### WHAT YOU NEED TO DO:
Using the data that follows, give again word for word the lines between the one holding "Laptop Bed Desk,Bed" and the one holding "Outdoor camping large", inclusive. Omit the pictures.

### AVAILABLE DATA:
----------
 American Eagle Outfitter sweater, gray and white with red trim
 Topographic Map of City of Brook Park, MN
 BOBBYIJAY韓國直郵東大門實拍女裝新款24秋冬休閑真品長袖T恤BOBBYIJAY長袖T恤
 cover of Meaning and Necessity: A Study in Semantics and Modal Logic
----------
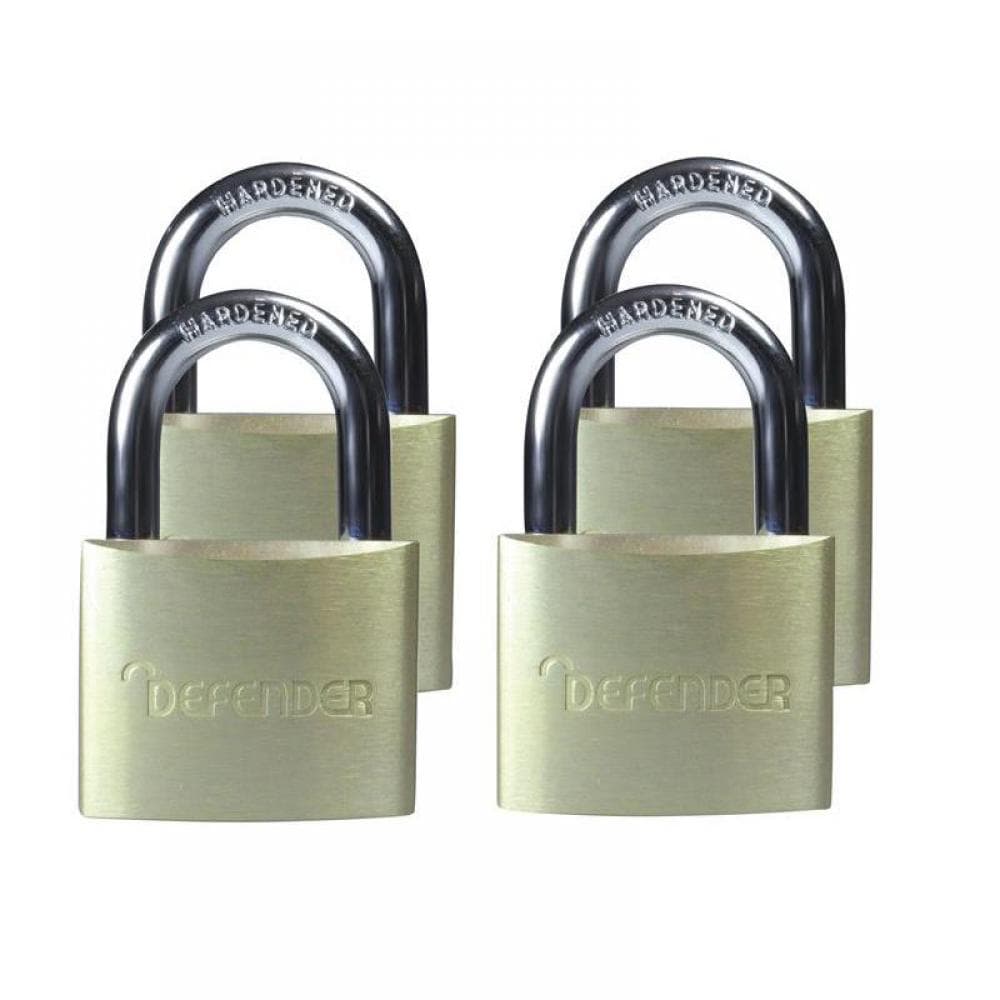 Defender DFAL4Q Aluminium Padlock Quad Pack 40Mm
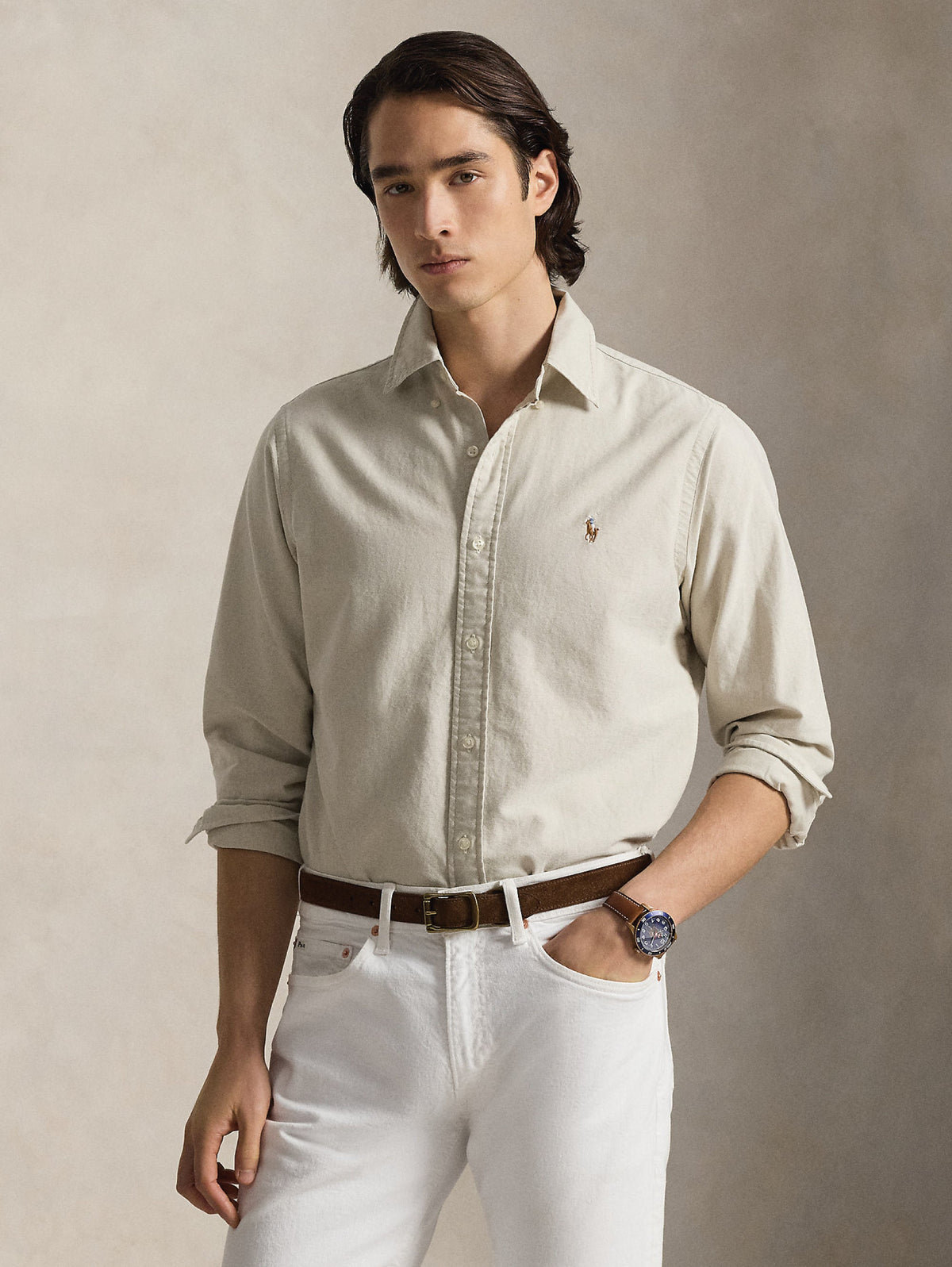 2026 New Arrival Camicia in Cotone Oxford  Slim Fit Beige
----------
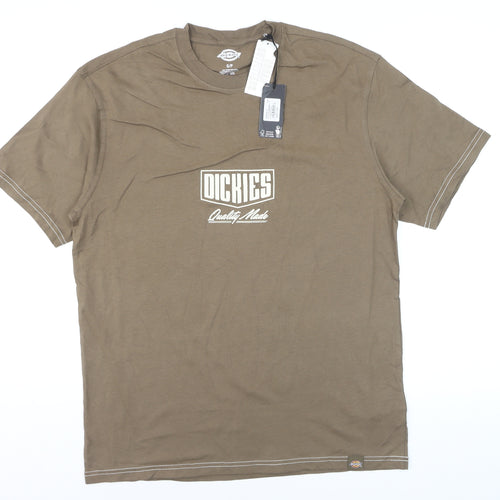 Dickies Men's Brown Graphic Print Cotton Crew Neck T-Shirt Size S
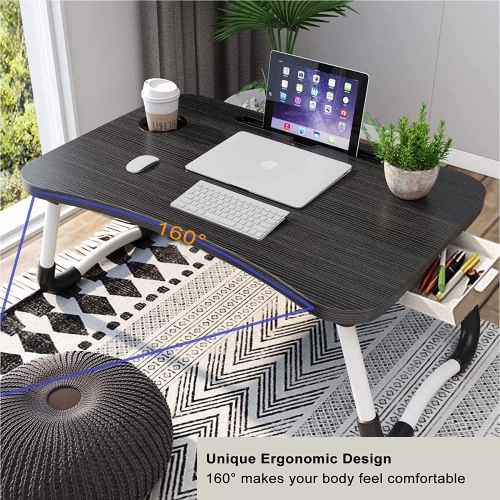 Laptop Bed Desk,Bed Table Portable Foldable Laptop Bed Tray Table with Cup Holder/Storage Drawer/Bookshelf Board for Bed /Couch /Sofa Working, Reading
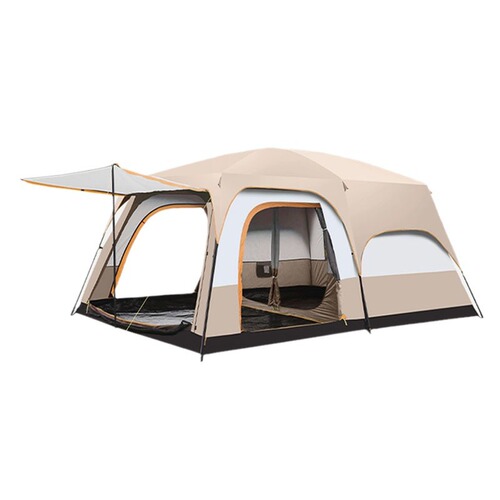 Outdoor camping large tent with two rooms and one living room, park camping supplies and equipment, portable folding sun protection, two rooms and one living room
----------
### ANSWER SECTION:
 Laptop Bed Desk,Bed Table Portable Foldable Laptop Bed Tray Table with Cup Holder/Storage Drawer/Bookshelf Board for Bed /Couch /Sofa Working, Reading
 Outdoor camping large tent with two rooms and one living room, park camping supplies and equipment, portable folding sun protection, two rooms and one living room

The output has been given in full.